India has about 11 million businesses that have registered with the GST Network. Majority of them are part of supply chains owned and managed by big corporates. The process of getting to be part of a supply chain is hard. The due-diligence process, adhering to standards related to quality, safety prescribed by the buyer, is hard work. Once through, there are many benefits. The biggest among them is a steady flow of orders. It is a happy situation for the MSME owner. Suddenly looks a lot more stable with future purchase orders and cash-flows.
From the outside, everything now looks great. It seems like the business is on a smooth sail. Not yet. The small business owner still has to be vary of the incoming and outgoing cash flows. One of the downsides of dealing with a corporate buyer is that they have payment terms. Most MSMEs get paid either on the 60th day or the 90th day from the date of supply. Some lucky ones get paid between 30th and 45th day of the invoice, but that is still a small percentage. The MSME owner delayed all the outward payments until he received the money from the buyer. It all worked well in the non-GST regime.

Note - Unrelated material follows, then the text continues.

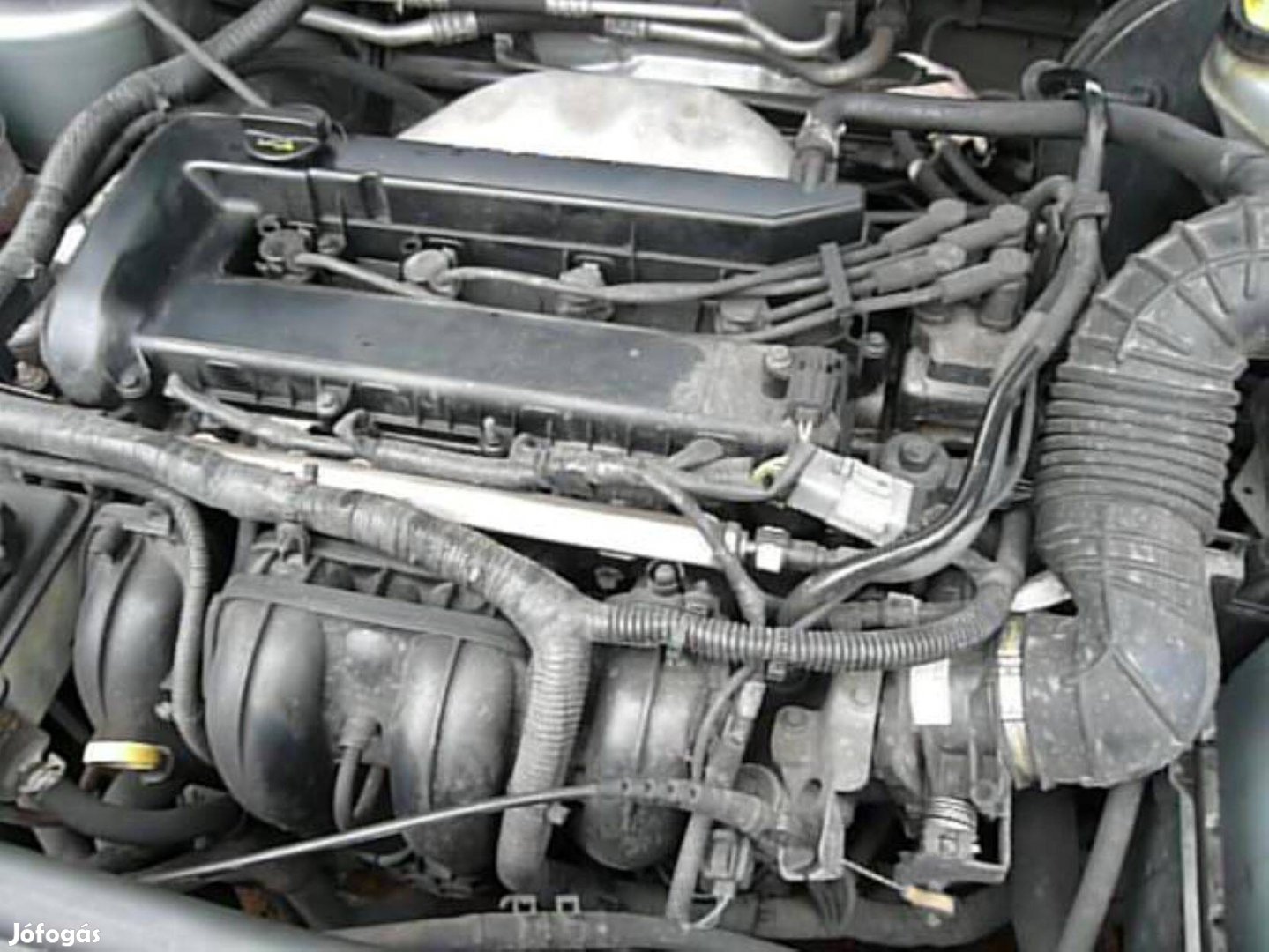 Ford mondeo mk3 1, 8 B 2, 0Benzines fojtószelep 2001-2007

The introduction of GST has made it a little tight for small businesses. One of the most significant changes that came about is the frequency of filing GST returns and paying taxes. It is monthly/quarterly, depending on the turnover of the small business.
If an MSME owner has to make payments every month, he is going to have to deal with cash-flow mismatches. The business gets paid only on the 60th day, but GST payments will be due on the 20th of the following month. The cost of non-payment is too high. A fine of INR 50/day and 18% interest on the number of days delayed. Small business owners need help.